If you want some solid, positive, boater driven beta, check out these two sites:
EddyFlower
American Whitewater

on EddyFlower, click on the "Rivers" tab just below the title, and then click on the state of Colorado or New Mexico. on AW, do the same thing except click on "River Info -> National River Database", and click on CO or NM again. Both of those sites have lots and lots of CORRECT info about the things you are interested in. Browse around there and get a better picture of what you're looking for and we can help from there.


----------



## rivermanryan (Oct 30, 2003)

Yeah, what a bunch of crap. There are inaccuracies all throughout that website you mentioned above! Check out some of the other discriptions.


----------



## jones72 (Mar 2, 2009)

Doh! Good to know. You mean I can't believe everything I read on the web?  
That was literally just the first place I looked when I searched on something like "colorado rio grande rafting". Then realized it would be better for me to start here. Glad I did. I'll check out your suggested sites. Thanks!


----------



## jones72 (Mar 2, 2009)

freeheeltim said:


> Since you have a springtime trip planned, consider the Dolores. It's beautiful, doesn't require a permit for private parties (I think?), and largely mellow water. Snaggletooth can be a ripper if the water's high enough, but the flows don't usually get too high with the limited water in the Dolores. Great 3-4 day trip.

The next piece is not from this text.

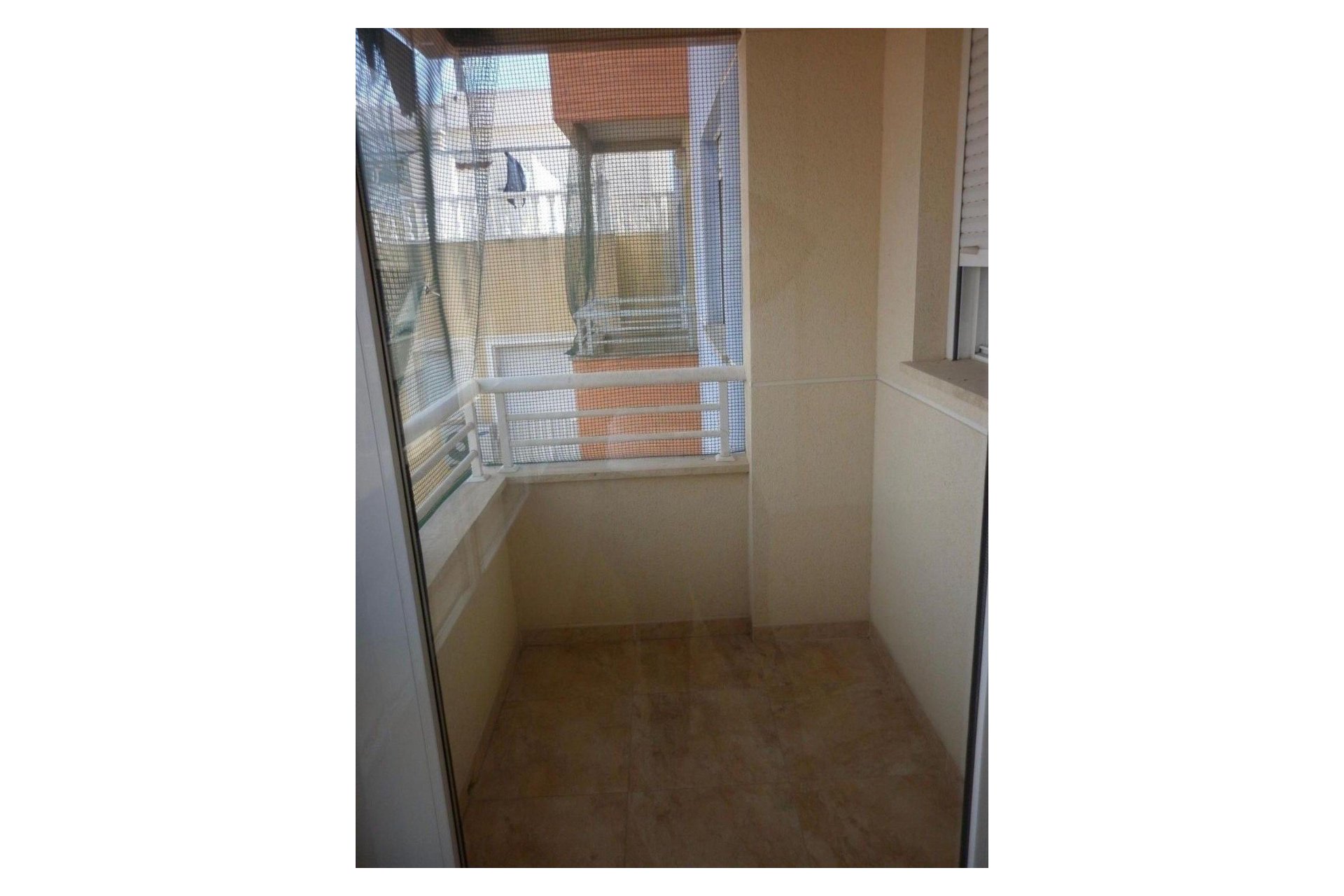 Venta - Apartamento - Elche Pedanías - La Marina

If I remember correctly from a little research a while ago, it doesn't require a permit in Colorado, but does once you cross into Utah. Something like that... I'll check.


----------



## TakemetotheRiver (Oct 4, 2007)

The Dolores is probably my favorite run- it's beautiful with some excitement. Snaggletooth is easily portaged (a wrap is your biggest concern on this section), but I would recommend checking out the middle section from Slick Rock down- Class II, also beautiful.

The Rio Chama is unpermitted through the weekend of April 24th and is a designated Wild and Scenic river in New Mexico. I'm going to do it that weekend, pm me if you are interested in joining.

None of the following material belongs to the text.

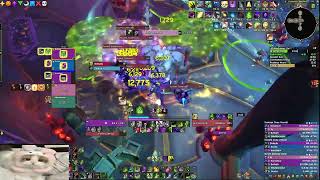 20 Windrunner Spire Vengeance Dh Pov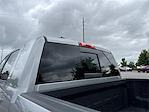 2022 Ram 2500 Mega Cab 4x4 Pickup for sale #20087 - photo 25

If you want more excitement than that, the Racecourse on the Rio Grande is a very forgiving Class III run.


----------



## FrankC (Jul 8, 2008)

Pumphouse to Catamount Bridge is a nice 3 day 2 night trip and only a few hrs from Denver. Have the shuttle handled by the folks at Rancho Del Rio (it should run about 50-60 bucks). Good fishing and scenery on this stretch. There is a train that goes by every 20 minutes or so but that didn't bother me at all. I just wave to the passengers while I'm sitting on the groover.



jones72 said:


> Dumb question... but how do guys usually handle the logistics of getting back to your starting point? Take two cars & drop one off at the take-out point? Or are there sometimes shuttles you can take back? Or just hitchhike?  (I did that one time near state bridge... stuck vehicle... made for a LONG day).
> 
> Well, I'm sure I'm not done with my questions yet, but I have a starting point now. Glad I found this board!


----------



## cadster (May 1, 2005)

Eddyflower has things wrong for the Rio Grande, too.

It puts the Conejos in NM and duplicates the runs in the headwaters.

Near Creede there are now a series of fish structures that have made ledge drops similar to Mesa Canyon on the San Juan.




yetigonecrazy said:


> If you want some solid, positive, boater driven beta, check out these two sites:
> EddyFlower
> American Whitewater


----------



## jones72 (Mar 2, 2009)

I don't know if I'd like the train... but good fishing? Now we're talkin! I forgot to mention that as another key criteria


----------



## Andy H. (Oct 13, 2003)

> I don't know if I'd like the train


Earplugs help LOTs for getting a good night's sleep, you get used to it during the day time.


----------



## jones72 (Mar 2, 2009)

Yeah, no doubt. I'm a light sleeper as it is... i think with the train, I wouldn't even bother trying. I'd find myself looking for ways to pass the time in desert in the middle of the night. Snipe hunting, coyote calling... etc.




Andy H. said:


> Earplugs help LOTs for getting a good night's sleep, you get used to it during the day time.


----------